Fast and Oil-Free Carrot Pudding

I remember when I was younger, my parents and I would go on day trips to Colorado where at the end of the day we’d often stop at our favorite Indian food restaurant. Out of all the desserts at the buffet, the carrot pudding was my absolute favorite! This version is free of oils, so it’s very healthy and suits a wide-variety of healing diets. I may publish a more “traditional” version of carrot pudding in the future, but this version is quite worthy for being so simple.

Fast and Oil-Free Carrot Pudding


  • 3 carrots, grated
  • 1/4 cup raisins
  • 3 cups nut milk (or another alternative milk, like oat milk or rice milk)
  • 4 cups water
  • 1 tsp turmeric
  • 1 tsp Himalayan pink sea salt
  • 1/2 tsp ginger powder
  • 1 cinnamon stick OR 1 tsp cinnamon powder
  • 1 tbsp monk fruit powder (do a taste test, with sweeter monk fruit products you might even get away with only 1 tsp instead of 1 tbsp).
  • 1 tsp arrowroot starch (mixed with water, like cornstarch)
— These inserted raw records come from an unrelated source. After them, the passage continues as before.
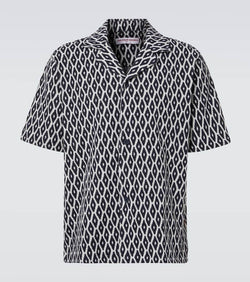 Orlebar Brown Printed cotton-blend terry shirt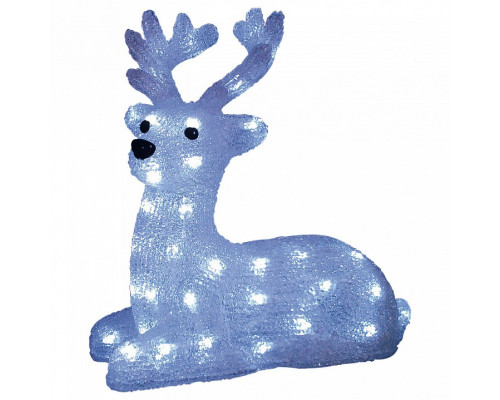 Зверь световой Uniel Лежащий оленёнок ULD-M3133-050/STA WHITE IP20 LYING FAWN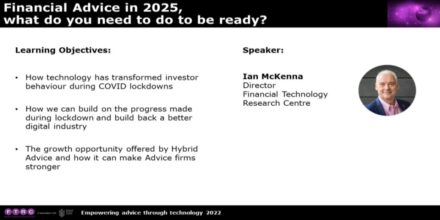 EATT 2022 Keynote: Ian McKenna – Financial Advice in 2025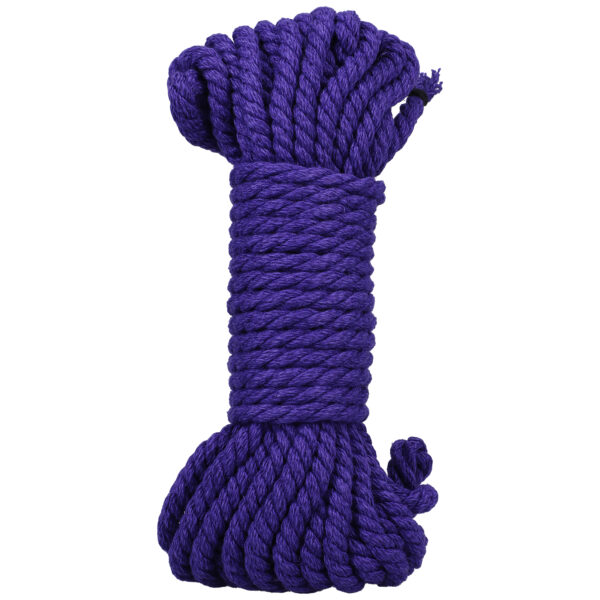 Merci - Bind and Tie - 6mm Hemp Bondage Rope - 30 Feet - Violet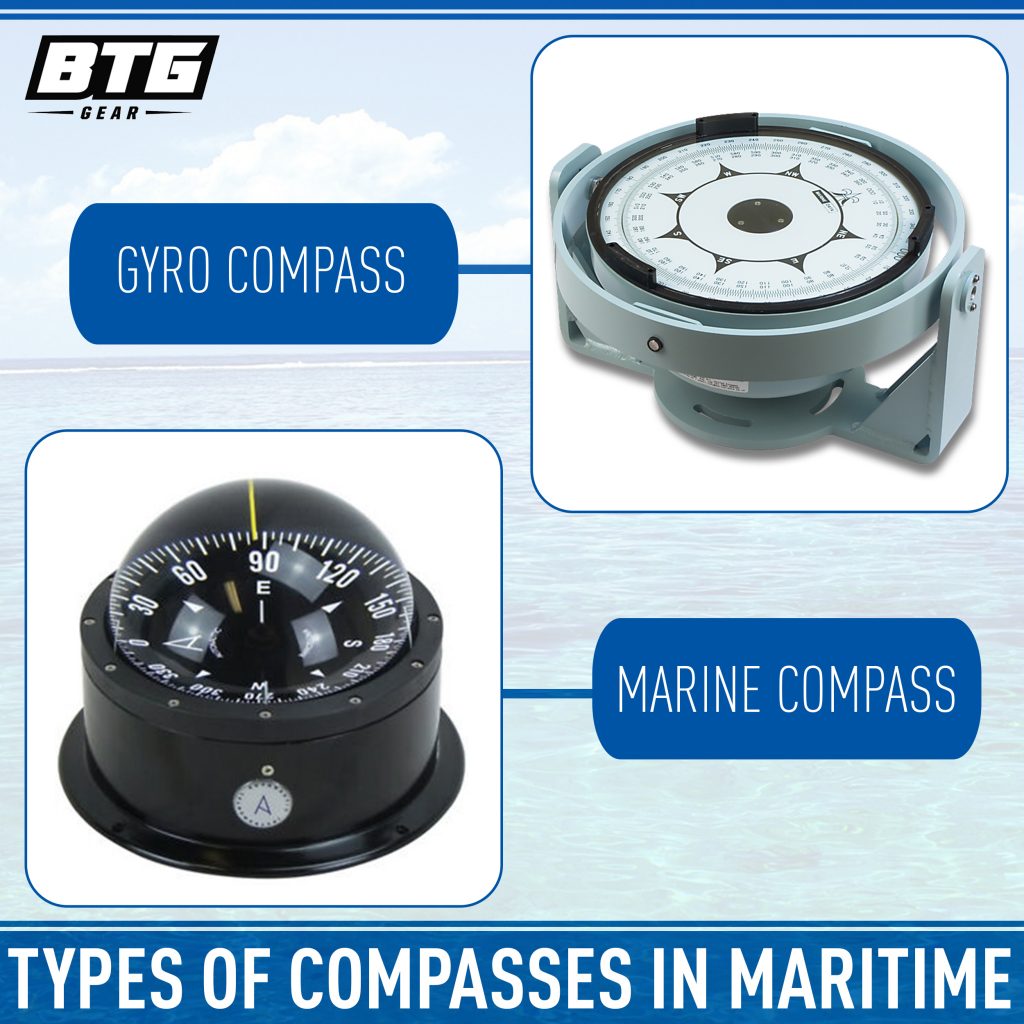 types of compass in navigation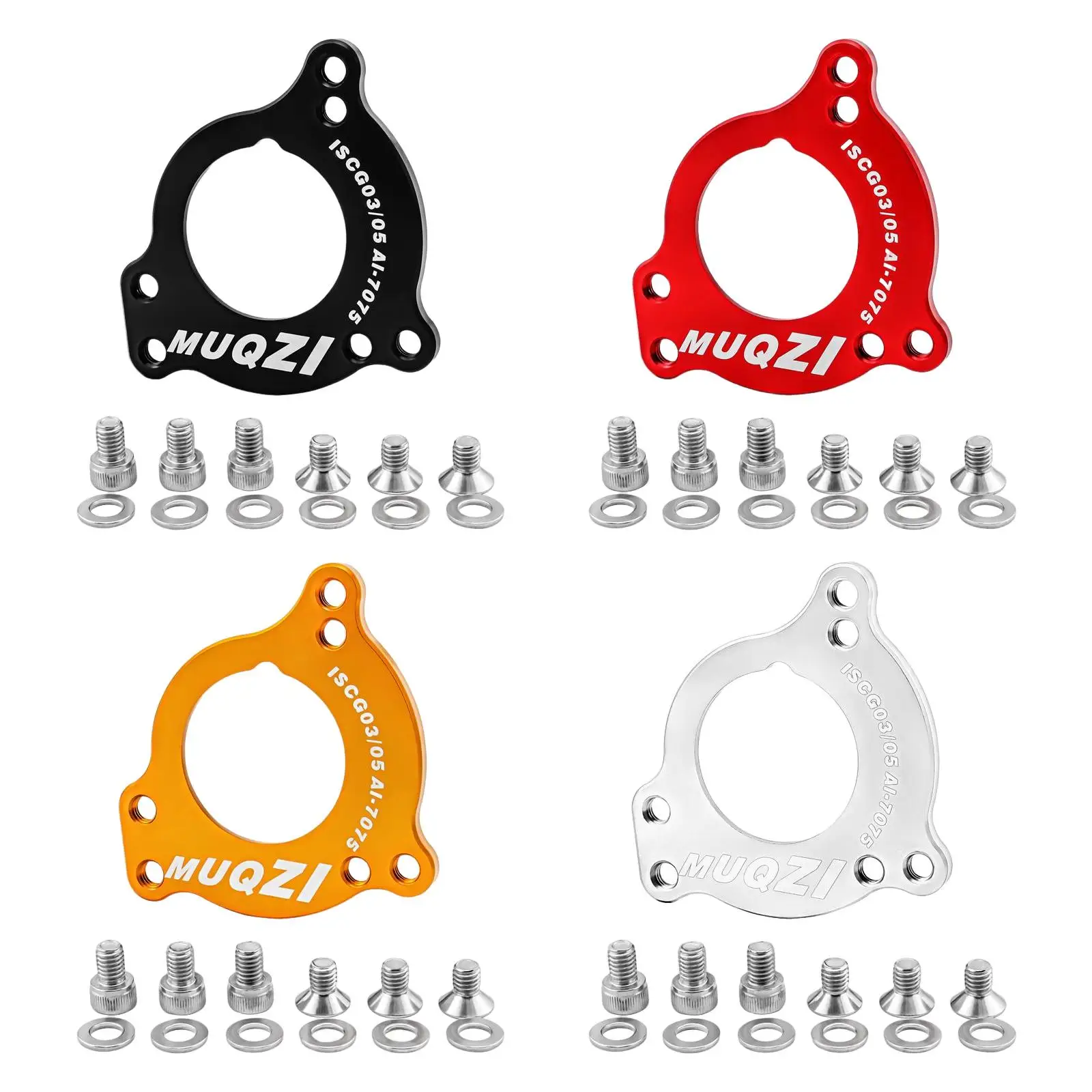 Адаптер для велосипеда BB с болтами Детали горного Алюминиевая пластина нижнего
  1. In a medium-size pot, heat water, milk, and all spices. Bring to a gentle boil.
  2. Add the grated carrots and mix together well.
  3. Boil carrots for about 1 to 1.5 hours, checking occasionally and stirring (about every 15-30 minutes, to avoid scalding).
  4. When the liquid is well boiled down, you may add the arrowroot starch + water. Stir immediately to allow the mix to thicken, then turn off the heat. Add raisins at the end.
  5. Serve warm or allow to cool and refrigerate (some people prefer this recipe hot, others prefer it chilled, both ways are fine!).